Everyone has an interest in promoting the Al Qaeda myth: The Shiite government can avoid looking incompetent in the face of Sunni attacks by blaming the AQI bogeyman; Sunnis can claim "it’s not us, it’s AQI"; reporters hoping for page 1 stories are inclined to hype AQI, since it's easier to report than a confusing, muddled "sectarian violence" narrative; and of course there’s Bush.
This scenario has become common. After a strike, the military rushes to point the finger at al-Qaeda, even when the actual evidence remains hazy and an alternative explanation—raw hatred between local Sunnis and Shiites—might fit the circumstances just as well. The press blasts such dubious conclusions back to American citizens and policy makers in Washington, and the incidents get tallied and quantified in official reports, cited by the military in briefings in Baghdad.

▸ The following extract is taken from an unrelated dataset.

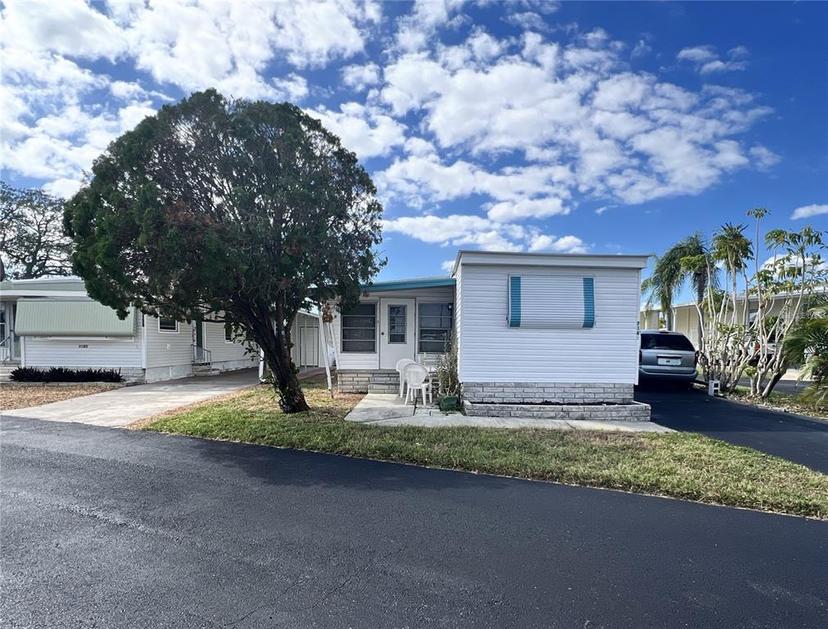 Picture of 7164 Mount Georgetown Drive Ne Unit 553, St Petersburg FL 33702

The White House then takes the reports and crafts sound bites depicting AQI as the number one threat to peace and stability in Iraq.
So what does all this mean?

We're watching the meme-shifting in Washington, from the failure of the benchmarks to the amazing success of Petraus's brilliant gambit - win over the Sunnis to the war on Al Qaeda! Look, the surge is working!

But if AQI is a rump movement, we're watching yet another short-term fix that will screw us in the long term.

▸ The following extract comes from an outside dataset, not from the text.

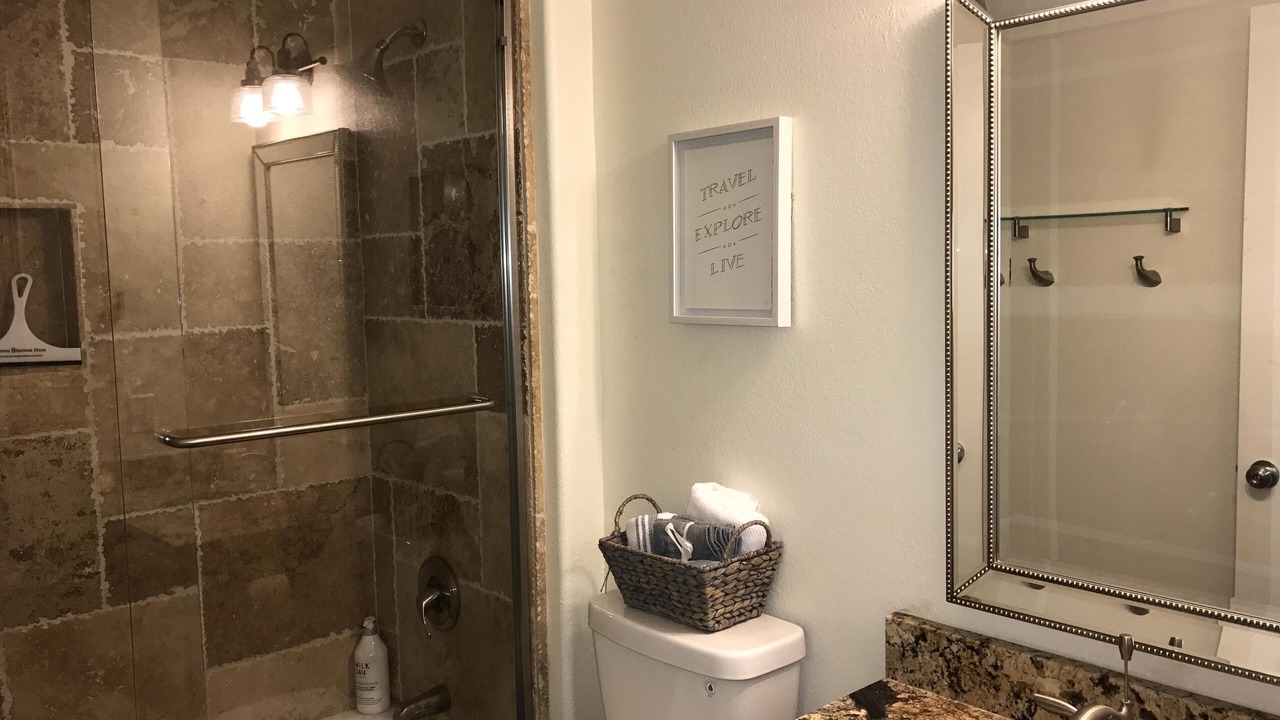 Photo of Bathroom in Desert Ridge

Consider the track record:

* Our ally is the Maliki government. But he was put in power by the Sadrists.
* The Sadrists are our enemy. Why? They want US troop out. We spent more than a year at war with one of the government’s biggest supports.
* We’re also at war with the other side: the Sunni insurgency.
* Next, we declare rhetorical war on the Iranians and their allies. That’s the other half of the government. Smooth move.
* That leaves us with just the Kurds - and our allies the Turks are practically at war with them. Smooth move.
* Fast forward to this year and the Anbar Awakening, in which we arm the Sunni tribal leaders in Anbar, the same Sunni leaders who were our enemies not long ago... So we're fighting our friends, and arming our enemies. Smooooth move.
While the U.S. military has recently touted "news" that Sunni insurgents have turned against the al-Qaeda terrorists in Anbar Province, there is little evidence of actual clashes between these two groups. Sunni insurgents in Anbar have largely ceased attacks on Americans, but some observers suggest that this development has less to do with vanquishing AQI than with the fact that U.S. troops now routinely deliver cash-filled duffle bags to tribal sheiks serving as "lead contractors" on "reconstruction projects."
So we’re attempting to defuse a civil war... by arming and training the fighters on the anti-government side. Smooth move.

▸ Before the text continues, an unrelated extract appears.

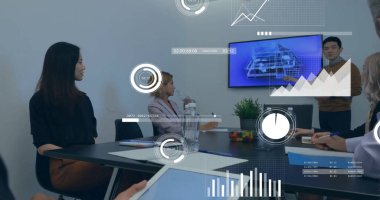 Ofisteki çeşitli iş adamlarının veri işleme görüntüsü. Küresel finans, iş, bağlantılar, hesaplama ve veri işleme kavramı dijital olarak oluşturuldu.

At least they’re going after AQI, right? But if Tilghman is right, there isn’t much AQI for them to go after. 850 fighters? That seems like a good deal for the Sunnis – "Sure, help us arm and train a force of thousands, and we’ll go after this annoying upstart runt of a movement for you. And when we’re done... well, we’ll see."

Truly smooth move on their part.

But this leaves just one more question:

If the Kurds are our allies, and the Shiites are our allies (the Sadrists have sensibly ordered their fighters to stand down until after the surge), and now the Sunnis are our allies, and AQI is actually a tiny faction – just who the hell have we been fighting? And where are all these casualties coming from?

And how the hell do we ‘win’ on a battlefield as incoherent as this?
Michael Zacchea, a lieutenant colonel in the Marine Reserves who was deployed to Iraq, said he was sometimes skeptical of upper-level analysis emphasizing al-Qaeda in Iraq rather than the insurgency's local roots. "It's very, very frustrating for everyone involved who is trying to do the right thing," he said. "That's not how anyone learned to play the game when we were officers coming up the ranks, and we were taught to provide clear battlefield analysis."